И постепенно, вспоминает Фигнер, "уже не смотритель кричал, а мы на него кричали". А в 1902-м году он отказался отправить ее жалобу, и за это она со смотрителя сорвала погоны! Последствие было такое: приехал военный следователь и всячески перед Фигнер извинялся за невежу-смотрителя!
Как же произошло это все сползание и уширение? Кое-что объясняет Фигнер гуманностью отдельных комендантов, другое - тем, что "жандармы сжились с охраняемыми", привыкли. Немало тут истекло от стойкости арестантов, от достоинства и уменья себя вести. И все ж я думаю: воздух времени, общая эта влажность и свежесть, обгоняющая грозовую тучу, этот ветерок свободы, уже протягивающий по обществу - он решил! Без него бы можно было по понедельникам учить с жандармами краткий курс, да подтягивать, да подструнивать. И вместо "запечатленного труда" получила бы Вера Николаевна за срыв погонов - девять грамм в подвале.
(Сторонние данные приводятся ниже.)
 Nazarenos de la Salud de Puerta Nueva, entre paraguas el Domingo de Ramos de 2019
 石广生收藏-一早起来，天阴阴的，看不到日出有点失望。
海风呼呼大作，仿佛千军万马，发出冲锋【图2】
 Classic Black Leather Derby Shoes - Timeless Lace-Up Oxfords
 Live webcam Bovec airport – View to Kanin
Раскачка и расслабление царской тюремной системы не сами, конечно, стались - а от того, что все общество заодно с революционерами раскачивало и высмеивало ее как могло. Царизм проиграл свою голову не в уличных перестрелках февраля, а еще за несколько десятилетий прежде: когда молодежь из состоятельных семей стала считать побывку в тюрьме честью, а армейские (и даже гвардейские) офицеры пожать руку жандарму - бесчестьем. И чем больше расслаблялась тюремная система, тем четче выступала победоносная этика политических и тем явственней члены революционных партий ощущали силу свою и своих собственных законов, а не государственных.
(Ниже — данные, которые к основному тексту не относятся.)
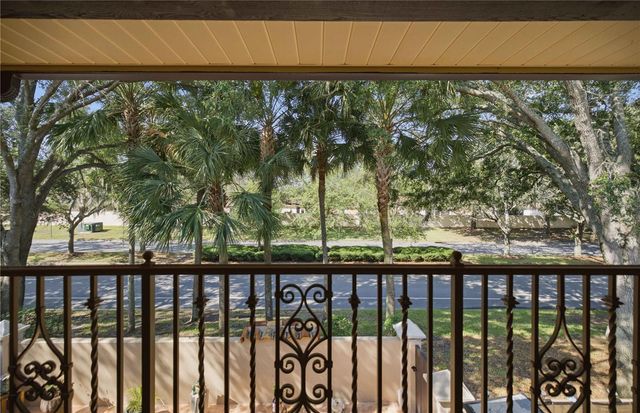 1118 AVENIDA DE LAS CASAS, Lady Lake, FL 32159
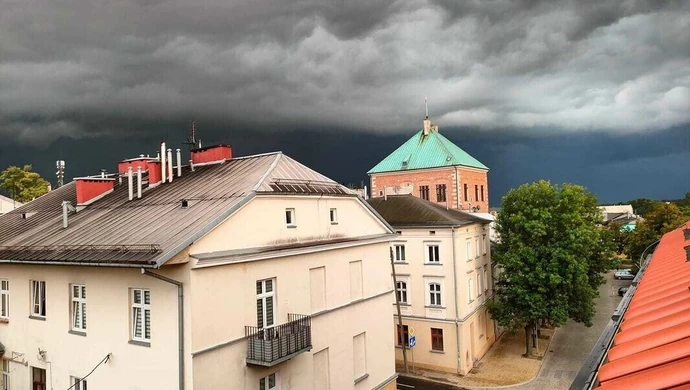 Chmury wiszą nad miastem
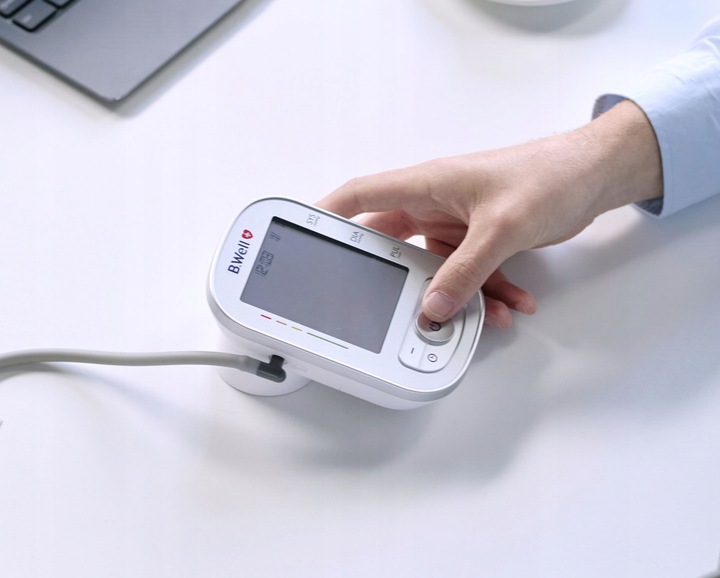 CIŚNIENIOMIERZ NARAMIENNY AUTOMATYCZNY B.WELL AFIB Migotanie Przedsionków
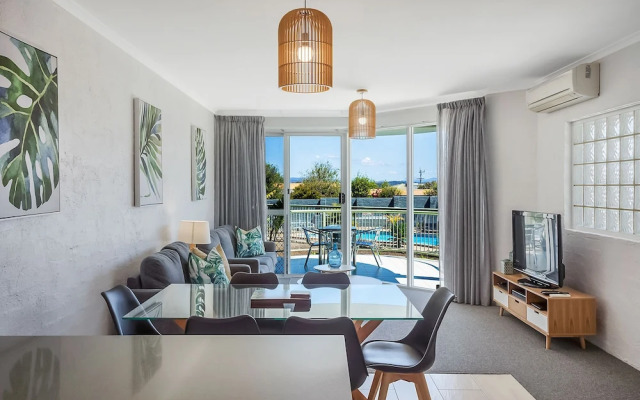 The Palms Apartments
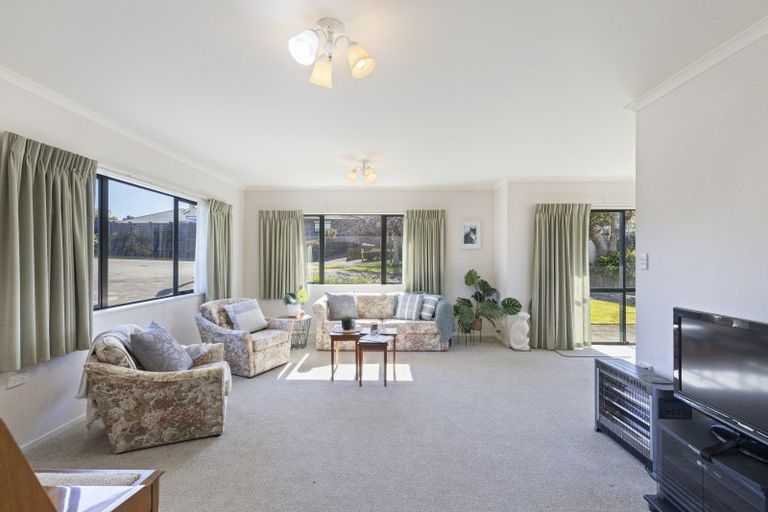 Photo of property in 2/16 Sandel Rise, Merrilands, New Plymouth, 4312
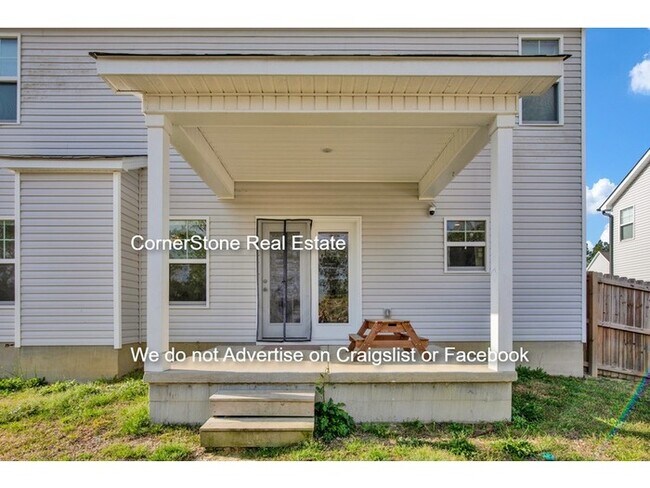 Building Photo - 124 Nairn St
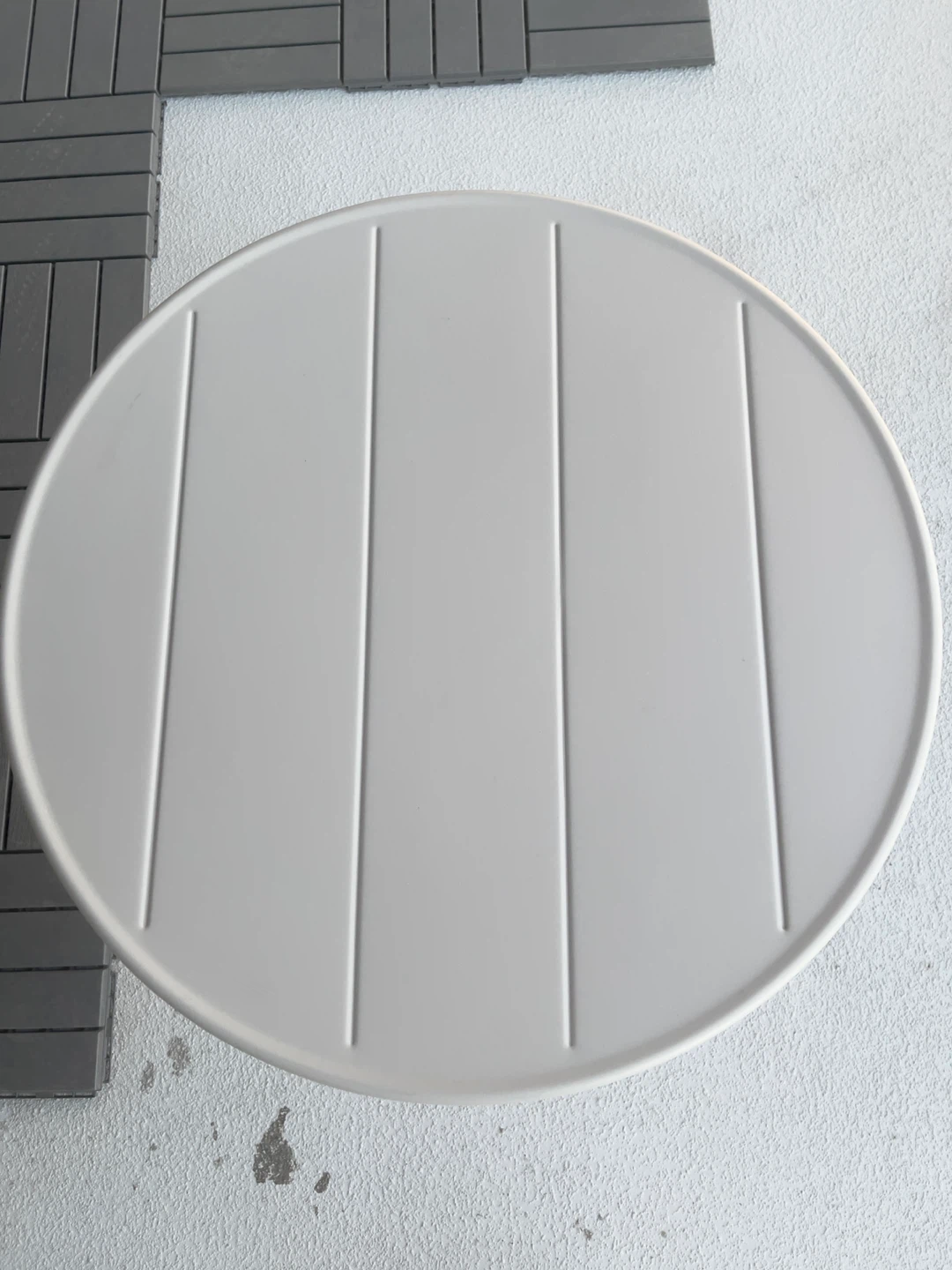 IKEA Outdoor Table & 2 Chairs, light Grey - photo 5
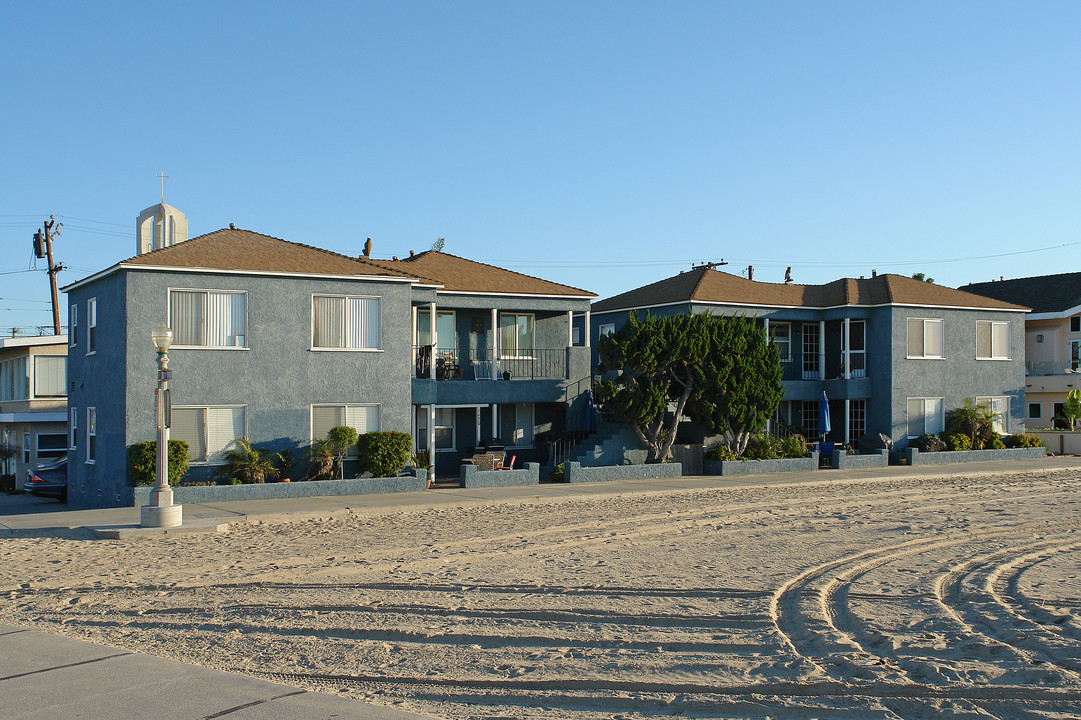 1420 W Oceanfront in Newport Beach, CA - Foto de edificio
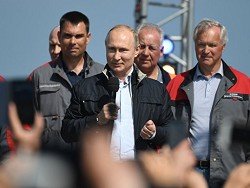 Украине нужно взорвать путинский мост в Крым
И на том пришел в Россию Семнадцатый год, и на плечах его - и Восемнадцатый. Почему мы сразу к 18-му: предмет нашего разбора не позволяет нам задерживаться на 17-м - с февраля все политические тюрьмы, срочные и следственные, и вся каторга опустели, и как этот год пережили тюремные и каторжные надзиратели - надо удивляться, а, наверно, что огородиками перебились, картошкой. (С 1918-го у них много легче пошло, а на Шпалерной так и 1928-м еще дослуживали новому режиму, ничего.)
Уже с последнего месяца 1917-го стало выясняться, что без тюрем никак нельзя, что иных и держать-то негде, кроме как за решеткой (см. главу 2) - ну, просто потому, что места им в новом обществе нет. Так площадку между рогами наощупь перешли и стали нащупывать второй рог.
Разумеется, сразу было объявлено, что ужасы царских тюрем больше не повторяться: что не может быть никакого донимающего исправления, никакого тюремного молчания, одиночек, разъединенных прогулок и разного там ровного шага гуськом, и даже камер запретых! < Сборник "От тюрем..."> - встречайтесь, дорогие гости, разговаривайте сколько хотите, жалуйтесь друг другу на большевиков. А внимание новых тюремных властей было направлено на боевую службу внешней охраны и прием царского наследства по тюремному фонду (это как раз не та была государственная машина, которую следовало ломать и строить заново). К счастью обнаружилось, что гражданская война не причинила разрушений всем основным централам или острогам. Не миновать только было отказаться от этих загаженных старых слов. Теперь назвали их политизоляторами, соединенным этим названием выказывая: признание членов бывших революционных партий политическими противниками и указывая не на карательный характер решеток, а необходимость лишь изолировать (и, очевидно, временно) этих старомодных революционеров от поступательного хода нового общества. Со всем тем и приняли своды старых централов, (а Суздальский кажется и с гражданской войны) - эсеров, эсдеков и анархистов.